Sometimes these structures aren't even used for recreational purposes. For instance, Bayman said canopies supplied by his company have been used to cover water treatment tanks by the city of Margate, Fla.

"These are large polyethylene tanks that get so hot in the sun that they can seriously burn technicians who are responsible for reading meters located on them," he said. "Also, exposure to the sun causes faster deterioration of the tanks, which can cost over $25,000 each to replace. According to city staff, their tanks now last much longer, effectively paying for the shade structure investment after about five years."

"Our product offering has grown to meet a number of segments outside of parks and recreation as well as accommodating various applications," Chumah said. "Shade creates a more comfortable outdoor environment for any purpose. Design is driven by understanding the need, what the intended use for the structure is going to be, maximizing the shade footprint, and working to provide cost-effective solutions while considering design and aesthetics."

Shade creates a more comfortable outdoor environment for any purpose.


Another area in which to think creatively is in managing the finances associated with these spaces.

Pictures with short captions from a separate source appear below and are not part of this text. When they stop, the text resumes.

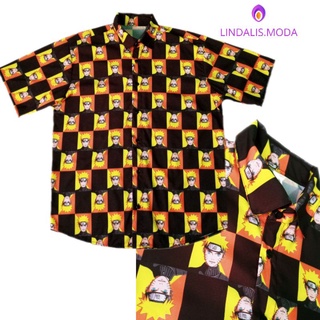 Camisa de botão - naruto shippuden uzumaki anime desenho geek simbolo  akatsuki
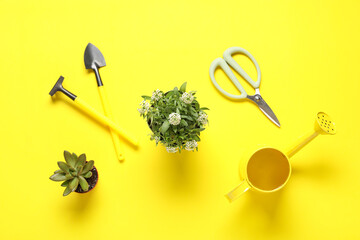 Composition with potted plants and gardening tools on yellow background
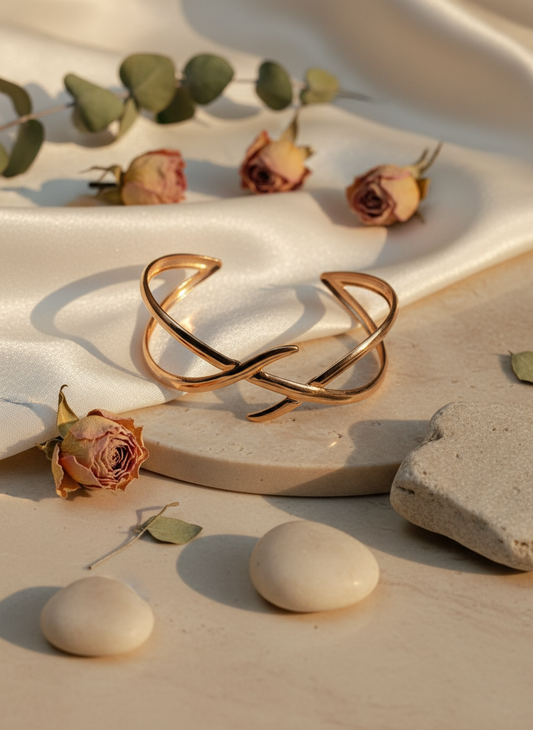 Rose Gold Crossover Cuff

The first category is in how the design and construction of the shelters are funded.

As Bayman indicated earlier, many parks and recreation departments are operating with bigger overall budgets these days. However, even in the best of times, there are still a number of priorities competing for financial resources. And that calls for finding ways to make these projects more cost-effective. One potential cost-saving option Graves suggested is a cooperative purchasing contract.

"That saves a government entity of having to put out a bid, since the cooperative purchasing contract has already been bid," she explained. "Sourcewell (www.sourcewell-mn.gov), formerly the National Joint Powers Alliance, is a government co-op that can be used and meets bidding requirements."

Fortunately, shade shelters don't have to be completely constrained by the limitations of a departmental budget. Additional money can be raised in a variety of ways, including grants, bonds, donations from the community and business sponsorships. Naming rights can be sold, as can plaques and signage.

Once the shelter has been built, there could be other ways to make it into a revenue-generating space if it meets certain criteria, such as overall size, seating, food service and protection from a variety of weather elements.

"Pavilions can be rented out for gatherings such as reunions, parties and so forth," Graves said. "Also, amphitheaters can be rented out for events, performances and concerts to fund-raise for community projects and charities."


If you're currently considering building a shelter of some kind, chances are you've already got at least one place in mind for it. And if your shade structure has certain kinds of utility—covering a playground, for example—then the site more or less selects itself. Yet if your shelter is more generalized in purpose, try to build it in an area that's easily accessible by foot traffic and where people would naturally congregate. The more isolated and out-of-the way the structure, the less likely people will use it.

Even if you've got ideas for a spot, you should consult with representatives from firms that design and build these shelters before you settle on a particular site. Many of them will have expertise that can help you understand what designs might be able to work with your particular location, and also let you know if there are any red flags with the area you've selected, such as potential for flooding, ground that's too soft or rocky, probability of high winds and other hazards to your shelter. They can also help you with any local safety regulations and building codes.